Book #12 – A book set in the future – All These Things I’ve Done by Gabrielle Zevin (Birthright Series #1)
Succeeded by: Because It Is My Blood and In The Age Of Love and Chocolate
Genre: Young Adult/Dystopian/Crime/Drama
In the year 2083, the world’s resources are drying up. Trees are almost dead, coffee and chocolate are illegal, it’s mandatory to have a permit to use paper so hardly anyone has read books, people take shorter showers and public transportation is used widely instead of personal cars. On the other hand, alcohol is legal at any age.
In this world, an orphaned sixteen-year old Anya Balanchine or ‘Annie’, the daughter of a deceased mafia leader, lives in New York City with her dying grandmother, her mentally incapable elder brother Leo and her younger sister Natty. Annie takes care of her family and is determined to keep out of the extended ‘family business’ that is involved in the production of chocolate.
One day, her ex-boyfriend is poisoned by the same Balanchine chocolate and Annie automatically becomes the suspect because she was the one who had given him the bars at his insistence. The story then follows Annie’s struggle to keep her family safe from the Balanchine family’s illegal activities.
This is my first foray into the world of dystopia, a genre I wasn’t too keen on reading, but it wasn’t as bad as I thought it would be. In fact, once I got past the first two chapters, it became quite interesting.
The book is more drama than crime, so it follows its own pace. It was interesting to see how Annie was trying to strike a fair balance between taking care of her family, managing school work, being with her friends and dating all at the same time. She was trying to be just a normal teenage girl but had the added responsibility of being both a mother and a father to her two siblings.

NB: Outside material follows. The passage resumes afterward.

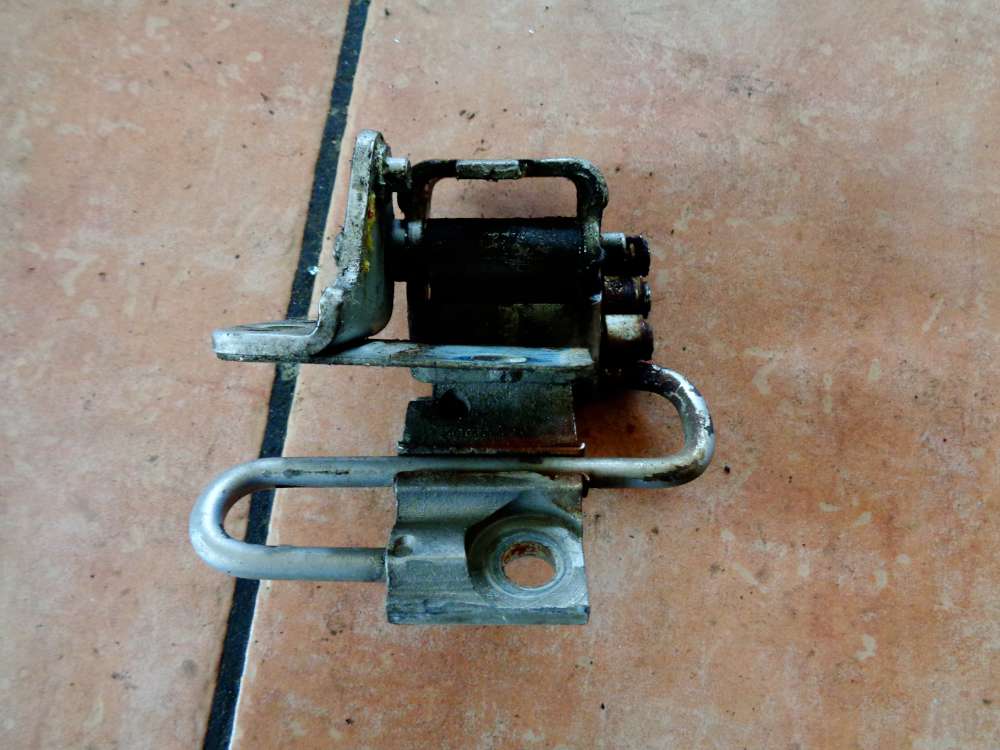 VW Golf 4 Türscharnier Vorne Links 4B0831411A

I liked Annie’s character sketch which is very well detailed. Her strength, courage and sacrificial nature are uncovered slowly as the story unfolds. Because of all the tragedy she has witnessed in her young sixteen years, Annie has been determined to shield her family from the danger that comes with being part of a mafia family. She is the take-charge, mother hen type of a controlling girl when it comes to her family and goes to any lengths to protect them from unwanted attention. She has the ability to think clearly even in the worst of situations and frequently remembers her father’s advice in times of distress and confusion to keep herself focused on the next move.

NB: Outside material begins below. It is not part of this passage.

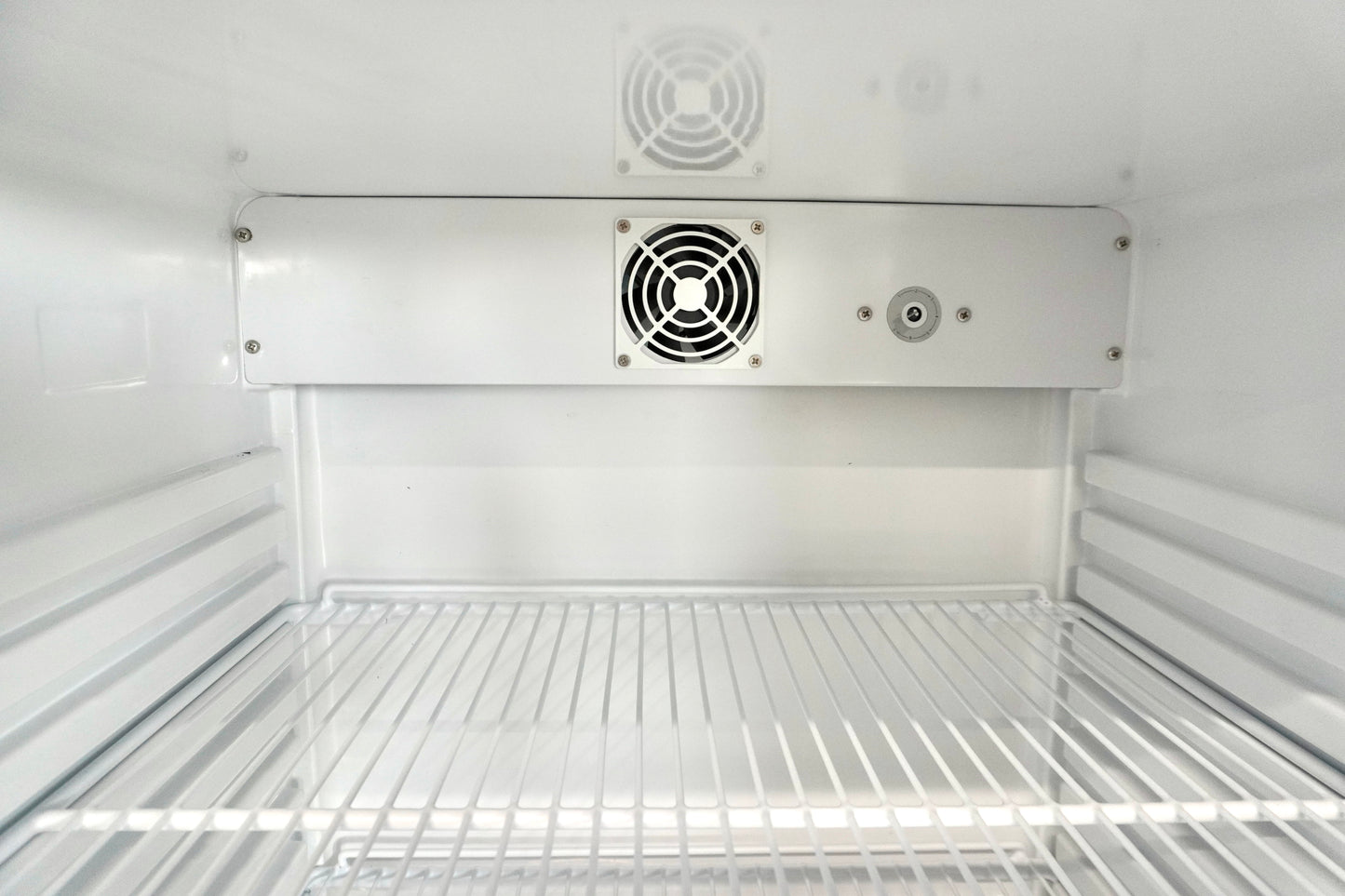 Genkraft CBC-140 OutDoor Refrigerator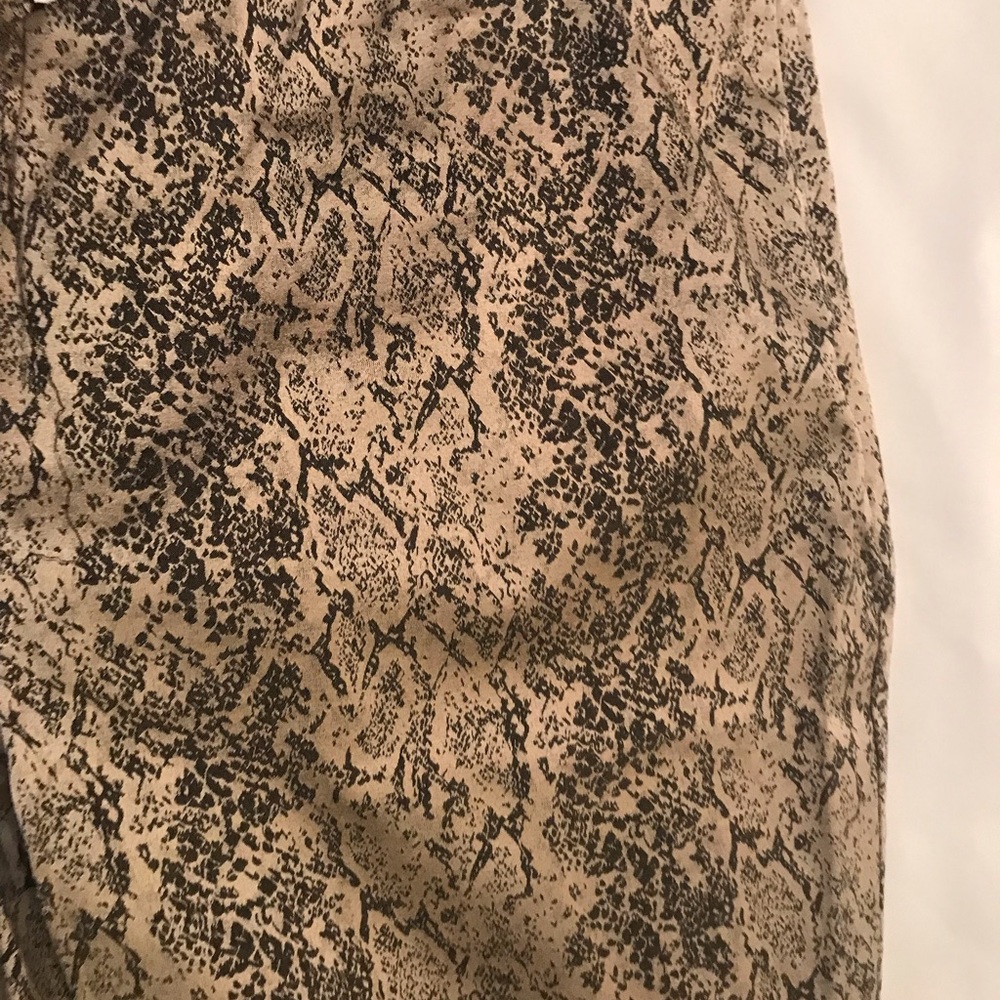 Chino python print pant - Picture 3 of 3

‘It’s not tragic,’ I assured her. ‘This is nothing. Tragedy is when someone ends up dead. Everything else is just a bump in the road.’ For the record, that was something Daddy used to say, but I’m pretty sure Shakespeare would have agreed too.
The author has written this book in the first narrative and it’s a different personal approach which is more about Anya’s daily struggles and resistance to her mobster family background rather than the actual crimes themselves. I liked the way all the relationships are portrayed between Annie and her immediate family, friends, current boyfriend and even God. And even though it is set in the dystopian future, there is little morbidity about the world at large. I will definitely consider reading the two succeeding books as the ending of the first one was left hanging.

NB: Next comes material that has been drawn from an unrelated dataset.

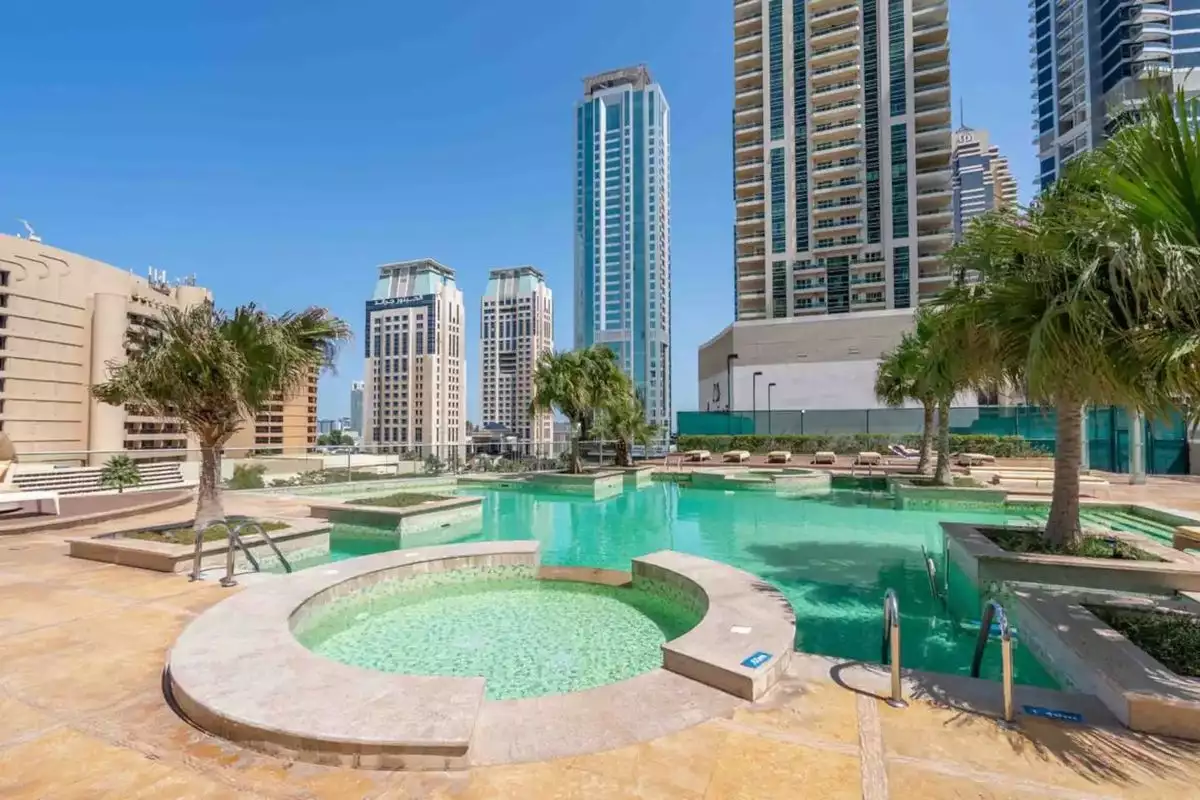 Flat 110m² in UAE, Dubai. Priced at 549374€ rent photo-13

Here are my favourite parts of the book:
1. ‘Life is messy,’ Dr Lau was fond of saying. ‘Deal with it. If you’re judging it, you’re not really seeing it.’
2. It was a strange thing to say, I suppose. But I knew what he meant without having to ask. All these teeth had once been in real, live people. They had talked and smiled and eaten and sung and cursed and prayed. They had brushed and flossed and died. In English class, we read poems about death, but here, right in front of me, was a poem about death, too. Only this poem was true. I had experienced death, and poems hadn’t helped me one bit. Poems didn’t matter. Evidence did.
3. I let myself feel good and sorry for myself, but only for a second. Daddy always said that the most useless of all human emotions was self-pity.
4. Always remember that you are powerful beyond measure. This power is your birthright.
5. ‘Let’s stay young forever. Young, stupid and pretty. Sounds like a plan, don’t you think?’
6. ‘Simply put, I’m tired of how awful things have gotten. Don’t tell me you’ve never asked yourself why things are the way they are. Why we devote all our resources to trying to compensate for our lack of resources. Can you honestly remember the last time anyone in our society came up with anything new? Other than a law, of course. And do you know what happens to a society of old things? It withers and dies. We are living in the Dark Ages, and half the people don’t even seem to know it. We can’t go on living like this forever!’
7. ‘You can either be a bystander who lives his life in reaction to the decisions that others make, or you can be the leader who is making those decisions.’
8. For that moment, I was a person without a last name and so was he. We did not have fathers, mothers, sisters, brothers, grandparents, uncles or cousins to remind of us what we owed or were owed. Obligation, consequence, tomorrow – the words did not exist, or perhaps I had temporarily forgotten their meanings.